Preliminary: Off-policy Evaluation and Optimization in Markov Decision Processes#

In this section, we introduce the formulation of the Markov Decision Process and a few related concepts which will be used repeatedly in this chapter. We will proceed under the potential outcome framework, which provides a unique causal perspectiy, is different from the conventional notations [SB18], and is largely based on Shi et al. [SWL+20]. Some of the assumptions to be discussed (such as the sequential randomization assumption) are imposed implicitly in the RL literature. By writting these assumptions out, we aim to provide a more formal theoretical ground as well as to connect RL to the causal inference literautre.

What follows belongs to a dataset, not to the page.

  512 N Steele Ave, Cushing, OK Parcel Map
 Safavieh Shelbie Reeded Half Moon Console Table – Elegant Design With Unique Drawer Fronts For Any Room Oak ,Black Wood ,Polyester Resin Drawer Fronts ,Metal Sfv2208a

Markov Decision Process under a Potential Outcome Framework#

As the underlying data generation model for RL, we consider an infinite-horizon discounted Markov Decision Process (MDP) [Put14]. For any \(t\ge 0\), let \(\bar{a}_t=(a_0,a_1,\cdots,a_t)^\top\in \mathcal{A}^{t+1}\) denote a treatment history vector up to time \(t\). Let \(\mathbb{S} \subset \mathbb{R}^d\) denote the support of state variables and \(S_0\) denote the initial state variable. For any \((\bar{a}_{t-1},\bar{a}_{t})\), let \(S_{t}^*(\bar{a}_{t-1})\) and \(Y_t^*(\bar{a}_t)\) be the counterfactual state and counterfactual outcome, respectively, that would occur at time \(t\) had the agent followed the treatment history \(\bar{a}_{t}\). The set of potential outcomes up to time \(t\) is given by

\[\begin{eqnarray*} W_t^*(\bar{a}_t)=\{S_0,Y_0^*(a_0),S_1^*(a_0),\cdots,S_{t}^*(\bar{a}_{t-1}),Y_t^*(\bar{a}_t)\}. \end{eqnarray*}\]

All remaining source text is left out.